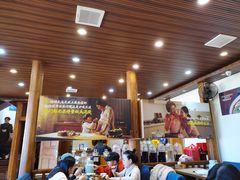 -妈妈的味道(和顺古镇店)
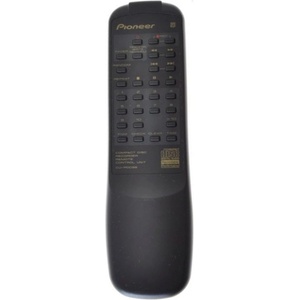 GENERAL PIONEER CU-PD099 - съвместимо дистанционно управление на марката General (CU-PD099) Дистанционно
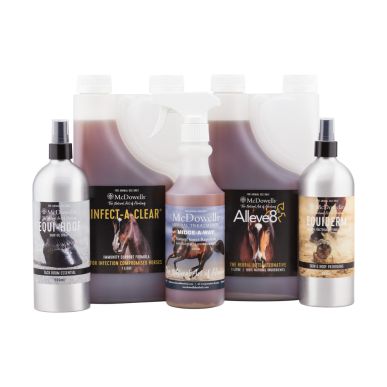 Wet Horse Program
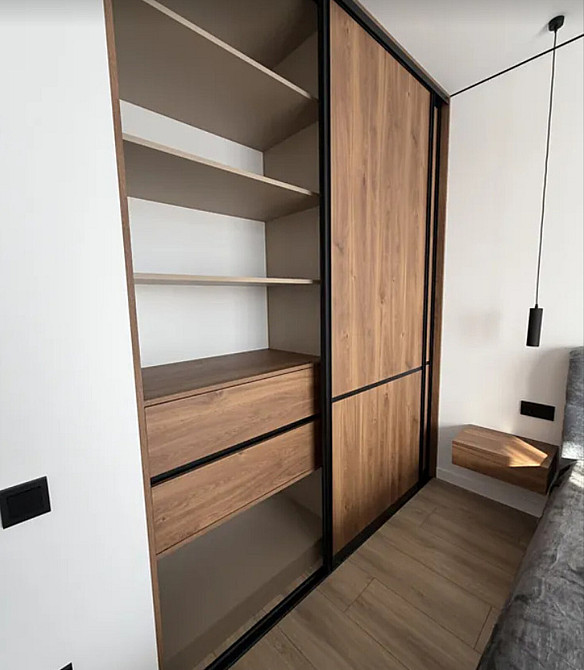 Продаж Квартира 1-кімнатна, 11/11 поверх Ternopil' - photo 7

+-------+

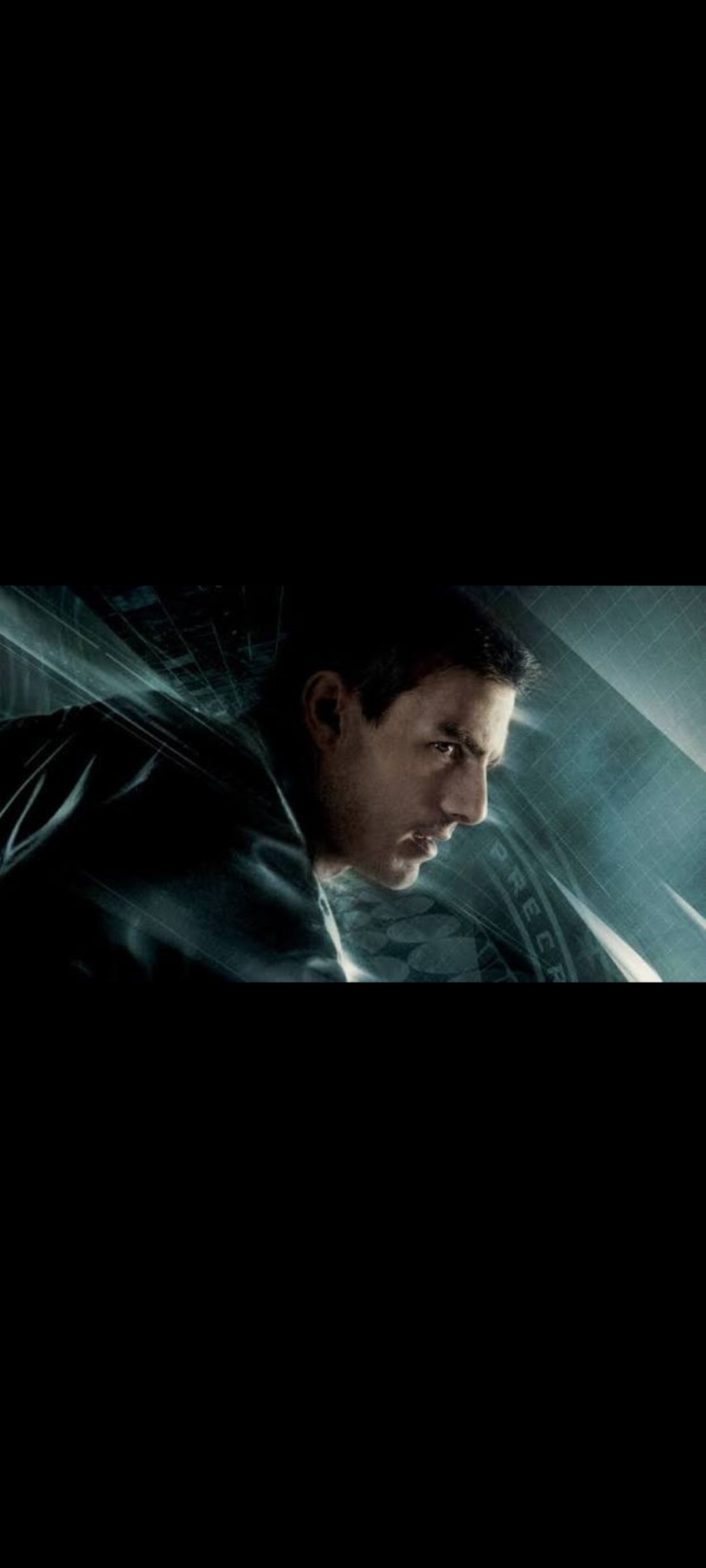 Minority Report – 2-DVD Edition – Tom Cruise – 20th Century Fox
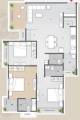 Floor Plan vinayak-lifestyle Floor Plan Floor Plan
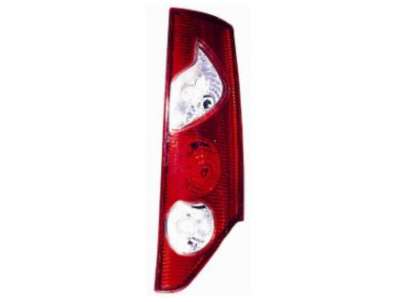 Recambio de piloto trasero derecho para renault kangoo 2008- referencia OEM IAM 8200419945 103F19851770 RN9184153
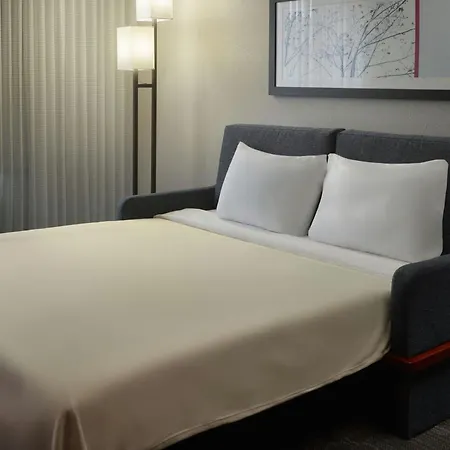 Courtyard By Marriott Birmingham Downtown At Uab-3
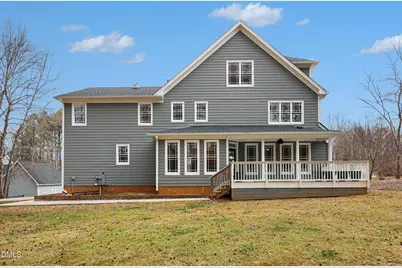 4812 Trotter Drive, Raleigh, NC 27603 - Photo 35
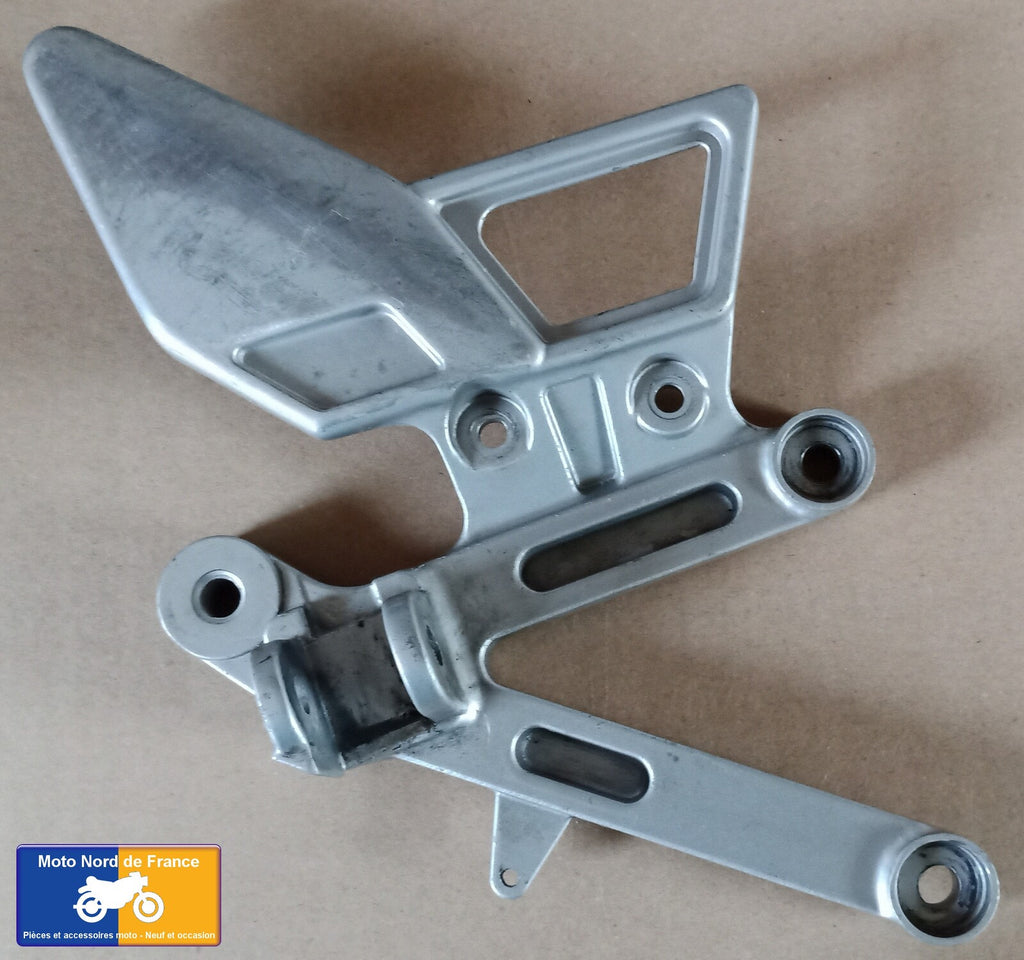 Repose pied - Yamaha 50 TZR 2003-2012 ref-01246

+-------+

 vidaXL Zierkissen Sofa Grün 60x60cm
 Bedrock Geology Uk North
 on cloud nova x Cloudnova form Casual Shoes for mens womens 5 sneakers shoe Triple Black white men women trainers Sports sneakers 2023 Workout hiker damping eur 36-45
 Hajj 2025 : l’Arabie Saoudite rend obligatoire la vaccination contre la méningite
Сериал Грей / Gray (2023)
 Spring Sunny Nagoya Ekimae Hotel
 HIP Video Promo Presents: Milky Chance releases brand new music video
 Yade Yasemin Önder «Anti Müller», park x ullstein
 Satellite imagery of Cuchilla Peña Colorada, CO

+-------+

• What you should do: Copy the entries above exactly, but only from the line holding "Hajj 2025 : l’Arabie" through the line holding "HIP Video Promo", both included.

• Answer to the problem:
 Hajj 2025 : l’Arabie Saoudite rend obligatoire la vaccination contre la méningite
Сериал Грей / Gray (2023)
 Spring Sunny Nagoya Ekimae Hotel
 HIP Video Promo Presents: Milky Chance releases brand new music video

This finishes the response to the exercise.